[[ Dataset content, beginning ]]

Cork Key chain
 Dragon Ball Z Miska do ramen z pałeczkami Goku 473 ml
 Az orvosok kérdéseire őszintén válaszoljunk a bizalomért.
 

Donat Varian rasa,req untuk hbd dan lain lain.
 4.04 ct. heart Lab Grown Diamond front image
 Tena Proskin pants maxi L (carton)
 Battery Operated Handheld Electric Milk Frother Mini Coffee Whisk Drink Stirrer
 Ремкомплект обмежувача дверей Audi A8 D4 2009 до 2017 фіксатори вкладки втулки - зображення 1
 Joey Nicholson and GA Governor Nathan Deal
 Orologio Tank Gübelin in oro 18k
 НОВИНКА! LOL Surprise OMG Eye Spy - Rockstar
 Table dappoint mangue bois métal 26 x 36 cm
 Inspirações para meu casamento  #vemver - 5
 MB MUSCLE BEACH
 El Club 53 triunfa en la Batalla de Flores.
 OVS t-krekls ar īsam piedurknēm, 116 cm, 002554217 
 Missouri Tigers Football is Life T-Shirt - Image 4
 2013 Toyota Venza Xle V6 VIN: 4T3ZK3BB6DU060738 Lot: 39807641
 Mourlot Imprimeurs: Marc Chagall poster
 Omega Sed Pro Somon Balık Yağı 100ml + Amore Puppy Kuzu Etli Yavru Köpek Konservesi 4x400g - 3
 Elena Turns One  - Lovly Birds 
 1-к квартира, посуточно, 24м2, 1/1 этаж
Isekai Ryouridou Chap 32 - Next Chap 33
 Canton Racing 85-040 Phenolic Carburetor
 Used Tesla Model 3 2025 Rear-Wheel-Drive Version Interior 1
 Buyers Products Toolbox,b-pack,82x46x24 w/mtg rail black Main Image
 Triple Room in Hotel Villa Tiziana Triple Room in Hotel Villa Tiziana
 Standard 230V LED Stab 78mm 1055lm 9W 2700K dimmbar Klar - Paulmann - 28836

[[ Dataset content, end ]]

**Problem:** All lines from the beginning of the entries through the line marked "НОВИНКА! LOL Surprise OMG Eye Spy - Rockstar" are to be output exactly; nothing else belongs in the answer.

**Task solution:**
Cork Key chain
 Dragon Ball Z Miska do ramen z pałeczkami Goku 473 ml
 Az orvosok kérdéseire őszintén válaszoljunk a bizalomért.
 

Donat Varian rasa,req untuk hbd dan lain lain.
 4.04 ct. heart Lab Grown Diamond front image
 Tena Proskin pants maxi L (carton)
 Battery Operated Handheld Electric Milk Frother Mini Coffee Whisk Drink Stirrer
 Ремкомплект обмежувача дверей Audi A8 D4 2009 до 2017 фіксатори вкладки втулки - зображення 1
 Joey Nicholson and GA Governor Nathan Deal
 Orologio Tank Gübelin in oro 18k
 НОВИНКА! LOL Surprise OMG Eye Spy - Rockstar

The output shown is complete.